Hak ve adalet ölçülerini aşmayın. Şüphesiz O, yaptıklarınızı hakkıyla görür.” (Hud suresi, Ayet Nu:112)
ÇALIŞKANIM
“Bilsin ki insan için kendi çalışmasından başka bir şey yoktur. Ve çalışması da ileride görülecektir.”(Necm suresi, Ayet Nu: 39-40)
“Sizin için geceyi örtü, uykuyu istirahat kılan, gündüzü yayılıp çalışma zamanı yapan O'dur.” (Furkan suresi, Ayet Nu: 47)
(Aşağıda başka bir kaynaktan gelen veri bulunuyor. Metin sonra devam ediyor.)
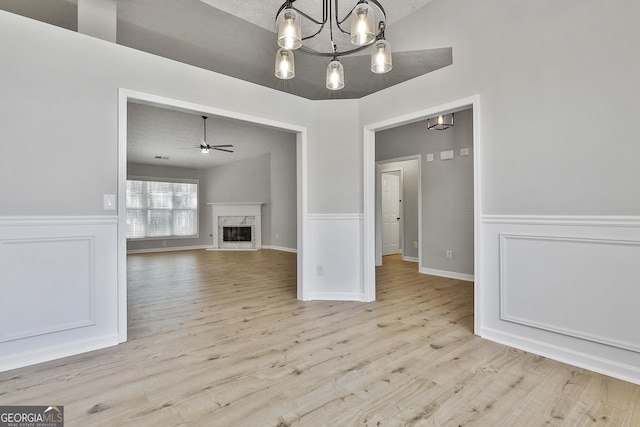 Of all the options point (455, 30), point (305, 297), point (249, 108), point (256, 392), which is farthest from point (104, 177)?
point (455, 30)

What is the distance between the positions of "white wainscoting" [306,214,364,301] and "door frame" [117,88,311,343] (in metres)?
0.10

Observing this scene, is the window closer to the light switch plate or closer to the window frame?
the window frame

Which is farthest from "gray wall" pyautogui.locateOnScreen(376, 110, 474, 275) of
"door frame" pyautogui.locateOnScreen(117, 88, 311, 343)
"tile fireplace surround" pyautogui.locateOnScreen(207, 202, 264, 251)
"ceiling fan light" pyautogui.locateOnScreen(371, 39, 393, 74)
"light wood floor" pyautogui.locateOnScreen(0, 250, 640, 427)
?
"tile fireplace surround" pyautogui.locateOnScreen(207, 202, 264, 251)

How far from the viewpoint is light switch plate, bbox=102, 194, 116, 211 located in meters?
2.46

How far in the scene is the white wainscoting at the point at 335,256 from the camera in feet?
12.2

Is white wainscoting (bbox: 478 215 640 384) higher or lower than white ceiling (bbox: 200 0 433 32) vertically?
lower

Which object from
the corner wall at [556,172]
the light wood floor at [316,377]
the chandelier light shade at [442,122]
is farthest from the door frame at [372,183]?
the chandelier light shade at [442,122]

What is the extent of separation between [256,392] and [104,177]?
2.04m

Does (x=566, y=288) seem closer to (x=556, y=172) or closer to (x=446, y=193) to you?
(x=556, y=172)

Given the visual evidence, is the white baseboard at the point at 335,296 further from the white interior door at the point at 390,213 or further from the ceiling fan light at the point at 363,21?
the white interior door at the point at 390,213

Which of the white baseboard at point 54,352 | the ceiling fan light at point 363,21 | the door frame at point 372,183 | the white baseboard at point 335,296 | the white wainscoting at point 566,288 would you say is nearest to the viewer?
the ceiling fan light at point 363,21

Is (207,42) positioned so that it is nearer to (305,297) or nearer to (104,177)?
(104,177)

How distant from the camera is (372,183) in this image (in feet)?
12.1

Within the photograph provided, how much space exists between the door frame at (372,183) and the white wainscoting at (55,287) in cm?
253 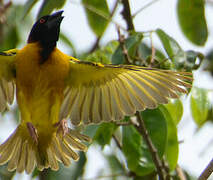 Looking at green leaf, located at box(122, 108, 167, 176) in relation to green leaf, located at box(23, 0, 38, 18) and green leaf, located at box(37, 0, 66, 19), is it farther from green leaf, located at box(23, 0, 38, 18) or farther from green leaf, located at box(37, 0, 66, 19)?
green leaf, located at box(23, 0, 38, 18)

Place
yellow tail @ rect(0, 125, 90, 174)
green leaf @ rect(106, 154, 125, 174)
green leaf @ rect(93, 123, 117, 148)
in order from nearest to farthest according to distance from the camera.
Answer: green leaf @ rect(93, 123, 117, 148), yellow tail @ rect(0, 125, 90, 174), green leaf @ rect(106, 154, 125, 174)

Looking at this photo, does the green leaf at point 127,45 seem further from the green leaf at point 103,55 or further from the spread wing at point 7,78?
the spread wing at point 7,78

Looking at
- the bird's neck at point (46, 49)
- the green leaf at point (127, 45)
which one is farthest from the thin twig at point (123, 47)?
the bird's neck at point (46, 49)

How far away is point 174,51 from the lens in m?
3.75

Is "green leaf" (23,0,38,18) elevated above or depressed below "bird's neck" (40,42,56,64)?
above

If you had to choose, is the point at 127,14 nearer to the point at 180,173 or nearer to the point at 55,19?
the point at 55,19

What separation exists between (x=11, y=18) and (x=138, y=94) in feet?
7.17

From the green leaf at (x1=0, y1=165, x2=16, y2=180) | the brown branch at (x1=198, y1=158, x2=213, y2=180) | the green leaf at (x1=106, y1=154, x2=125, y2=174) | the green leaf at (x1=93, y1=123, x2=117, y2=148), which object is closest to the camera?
the brown branch at (x1=198, y1=158, x2=213, y2=180)

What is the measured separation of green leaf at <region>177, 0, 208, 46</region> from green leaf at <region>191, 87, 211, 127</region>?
0.66m

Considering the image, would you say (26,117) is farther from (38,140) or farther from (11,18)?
(11,18)

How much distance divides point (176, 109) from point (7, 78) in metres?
1.41

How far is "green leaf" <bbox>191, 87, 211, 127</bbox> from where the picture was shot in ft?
12.6

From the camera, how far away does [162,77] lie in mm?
3717

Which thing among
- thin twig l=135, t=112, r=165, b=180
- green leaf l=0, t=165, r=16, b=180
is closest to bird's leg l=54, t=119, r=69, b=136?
thin twig l=135, t=112, r=165, b=180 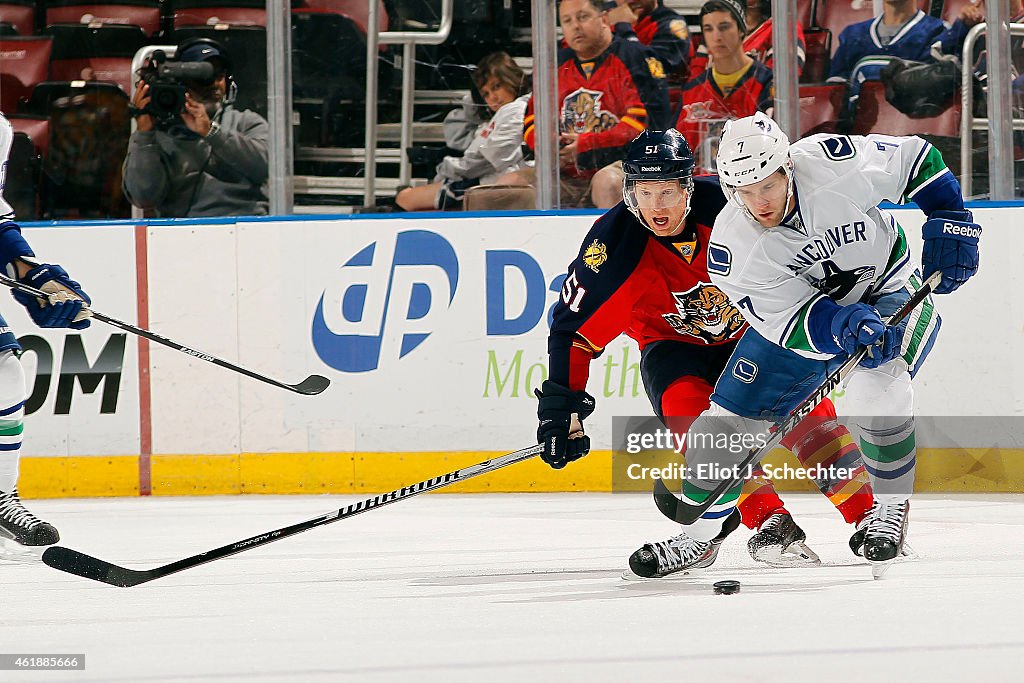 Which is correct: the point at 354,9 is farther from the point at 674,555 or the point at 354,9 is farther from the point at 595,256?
the point at 674,555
“Kim de ahireti diler ve bir mümin olarak ona yaraşır bir çaba ile çalışırsa, işte bunların çalışmaları makbuldür.” (İsra Suresi, Ayet Nu: 19)
“Allah'ın sana verdiğinden (O'nun yolunda harcayarak) ahiret yurdunu iste; ama dünyadan da nasibini unutma Allah sana ihsan ettiği gibi, sen de (insanlara) iyilik et. Yeryüzünde bozgunculuğu arzulama Şüphesiz ki Allah, bozguncuları sevmez.” (Kasas suresi, Ayet Nu: 77) “Namaz kılınınca artık yeryüzüne dağılın ve Allah'ın lütfundan isteyin. Allah'ı çok zikredin; umulur ki kurtuluşa erersiniz.” (Cum’a suresi, Ayet Nu: 10)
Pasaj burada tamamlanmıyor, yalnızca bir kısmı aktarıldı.